[TASK INPUTS]

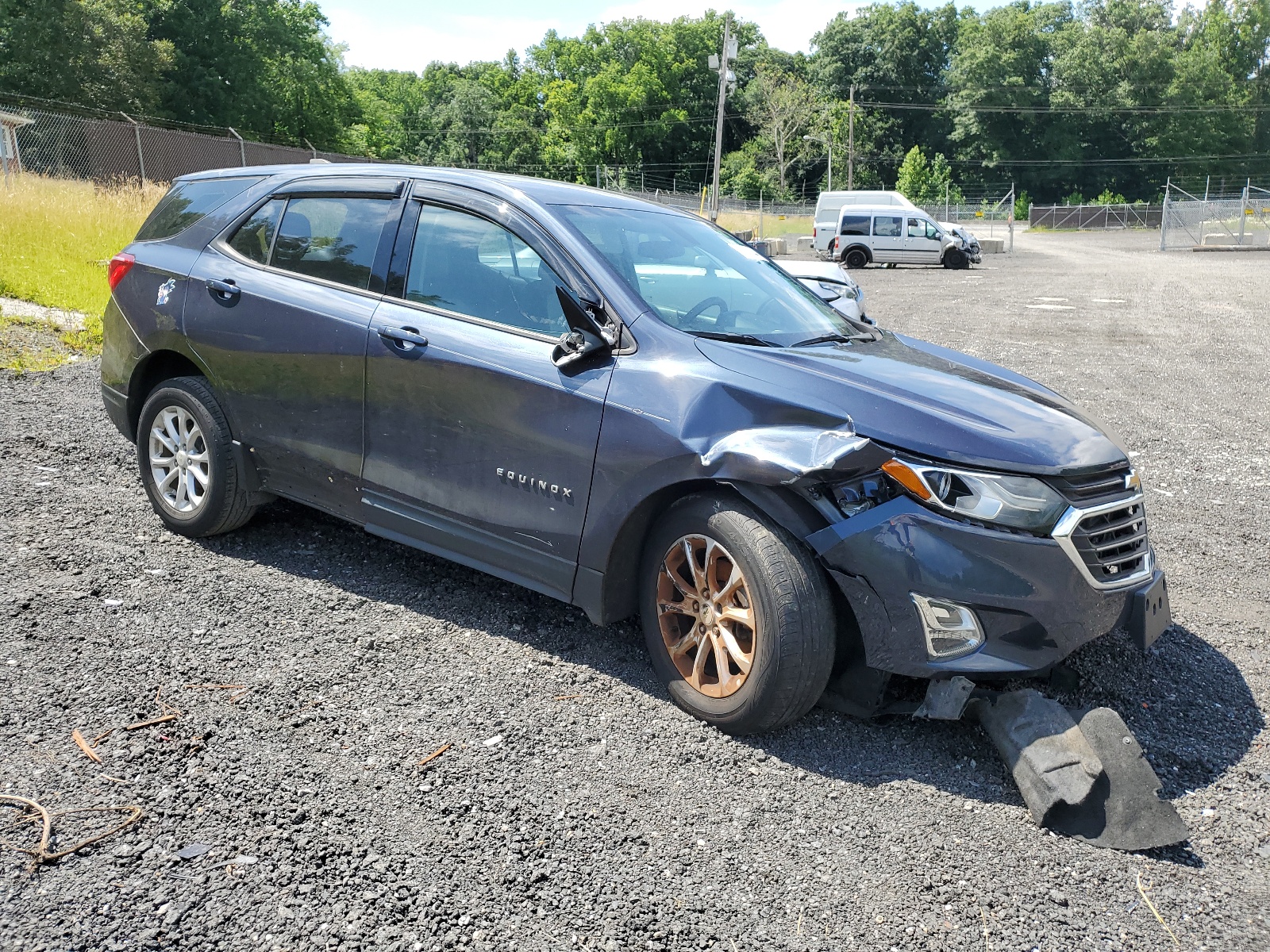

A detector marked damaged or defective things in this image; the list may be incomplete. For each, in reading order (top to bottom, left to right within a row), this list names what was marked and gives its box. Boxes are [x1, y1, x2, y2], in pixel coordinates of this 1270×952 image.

damaged chevrolet equinox [102, 166, 1168, 736]
dented hood [695, 332, 1133, 474]
detached plastic bumper piece [970, 690, 1188, 853]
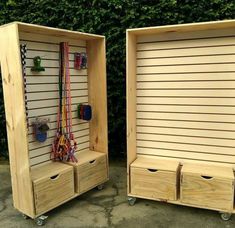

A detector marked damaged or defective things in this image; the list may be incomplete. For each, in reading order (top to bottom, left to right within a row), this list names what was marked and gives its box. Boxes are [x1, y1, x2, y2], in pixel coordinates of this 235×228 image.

cracked pavement [0, 159, 235, 227]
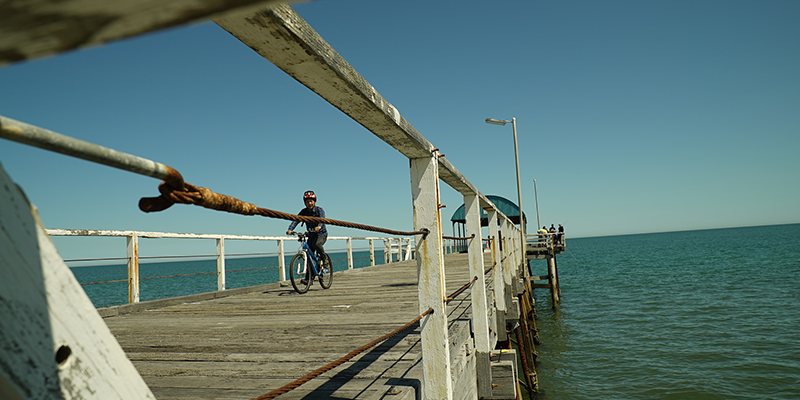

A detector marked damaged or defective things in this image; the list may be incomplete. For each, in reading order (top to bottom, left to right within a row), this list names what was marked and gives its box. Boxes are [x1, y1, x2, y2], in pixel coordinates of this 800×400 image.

rusty rope [138, 181, 428, 238]
rusty rope [255, 306, 434, 400]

[/TASK INPUTS]

■ EXERCISE PROMPT ■
Each entry above should be written out again exactly, without its pictures.

■ RESULT FOR THIS TASK ■
A detector marked damaged or defective things in this image; the list may be incomplete. For each, in reading order (top to bottom, left to right within a row), this list names what was marked and gives its box. Boxes are [x1, y1, x2, y2], in pixel coordinates of this 1270×952 image.

damaged chevrolet equinox [102, 166, 1168, 736]
dented hood [695, 332, 1133, 474]
detached plastic bumper piece [970, 690, 1188, 853]

A detector marked damaged or defective things in this image; the list may be incomplete. For each, in reading order (top to bottom, left to right within a row), this list names what was marked and gives its box. Boxes are [x1, y1, x2, y2], in pixel coordinates of this 235×228 image.

cracked pavement [0, 159, 235, 227]

A detector marked damaged or defective things in this image; the list may be incomplete. For each, in reading order (top to bottom, left to right within a row), this list names what was marked and gives its box. Boxes are [x1, y1, x2, y2], in pixel coordinates of this 800×400 image.

rusty rope [138, 181, 428, 238]
rusty rope [255, 306, 434, 400]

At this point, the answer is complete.